# Green D.leucomelas ?



## JOHNNY (Nov 30, 2004)

I have a customer who swears up and down that not only does a green form of D.leucomelas exist but, he's seen them. I've been doing dart frogs a while now and I've seen a spattering of different morphs of leucs but, never green. Has any one else ever heard of this morph or is this guy full of it ?
Thanks
Johnny
This Island Earth Herpetoculture


----------



## Kase (Feb 15, 2004)

I have never heard of a full green leuc either. I do recall seeing some with green around the ankles and feet but that's about it. Do you think someone is hybridizing them, or does this guy just think that auratus are leucs? Never seen a pic or ever heard of green leucs though.


----------



## jbeetle (Feb 8, 2004)

A lot of people call the leucs with green feet "green leucs". They are out there, but I've never seen any in person. There is a picture in the Professional Breeders book on page 98 of a leuc with blue toes. However, I have also heard of leucs with a general greenish coloration all over... so maybe your friend has been lucky enough to see real green leucs .


----------



## JOHNNY (Nov 30, 2004)

I don't know, no one can seem to produce a picture of one. Until I see it I'm taking it with a grain of salt.
Johnny


----------



## Guest (Mar 19, 2005)

*green leucs*

i have heard of and seen a picture of a green leuc but i live in europe so maybe its a dutch thing??? im sorry i cant remember where the picture was so maybe im full of sh*t aswell but ive definately heard them mentioned before and im fairly sure of the pic.


----------



## dmartin72 (Oct 27, 2004)

Louis,

Could you post a picture or a link to the picture?


----------



## Guest (Mar 19, 2005)

*picture*

i actually said in the first post that i cant remember where it was so i might just be imagining it but im fairly sure im not. it may have been on http://www.poisonfrogs.nl but thats just a guess. :roll: i know for sure i've heard them mentioned before though.


----------



## dmartin72 (Oct 27, 2004)

Maybe I should try reading the post before I do.


----------



## dpotter1 (Feb 29, 2004)

They are on Black Jungle's list in thier collection, but they do not have any pitures of them on the site.

Doug


----------



## *GREASER* (Apr 11, 2004)

Yeah I thought I remembered reading there name on Black Jungles list of frogs they keep. I had heard about them before seeing it on Black Jungles frogs list. I just came remember where the hell it was.


----------



## Dancing frogs (Feb 20, 2004)

I thought I heard vanishing jewels was working with them.


----------



## jbeetle (Feb 8, 2004)

I've seen pics of the green toed ones, which are usually referred to as green leucs (like I said before) and I also did produce a picture for you Johnny... *page 98 of the Professional Breeders book* (if you have the book that is ).
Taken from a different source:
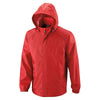 Core 365 Men's Classic Red Climate Seam-Sealed Lightweight Variegated Ripstop Jacket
The toes are actually blue and fade to yellow with a green transition... so they do exist. As for the all green ones, I have seen one picture of them but it isn't my picture to share... sorry.


----------



## Guest (Mar 19, 2005)

One of my luecs has the green toes. I didnt think it was anything out of the ordinary.


----------



## markpulawski (Nov 19, 2004)

*Green Luecs*

When I imported the Terribilis back in 96-97 one of the frogs I also brought in was the green Luecs. The first batch all had advanced Chytrid and died within days of the importation, the second batch however faired much better. Several animals survived and a few were bred, I don't know if anyone else imported them but there were a few in this country however i could not tell you if this line survived here.
Their appearance kind of reminded me a of an almost ripe lemon, mostly yellow with green around the edges, the feet were greenish as were some of the body edge colors but only lightly. Next to a normal morph it was easy to see the difference but by themselves the coloring was very subtle.
Hope this info helps.
Mark


----------



## JOHNNY (Nov 30, 2004)

It wasn't the blue/green footed ones that were in question. It was a supposedly lime green morph of D.leucomelas. 
Johnny


----------



## markpulawski (Nov 19, 2004)

*Green Luecs*

What I described above is the green morph Luecomelas, it is considered green because of the green feet and edge colors. There is no solid green morph of Luec. Calling it a green Luec was the only way to differentiate from the standard morphs, it is different and has a greenish cast but it is still primarily a yellow frog.


----------



## dartfrogs (May 26, 2004)

*Green leucomelas photo*

Here is a photo of the Green leucomelas in our dart frog collection. Although this morph is commonly called 'green', the acutal color is more of an olive yellow and is most noticable on the limbs and feet.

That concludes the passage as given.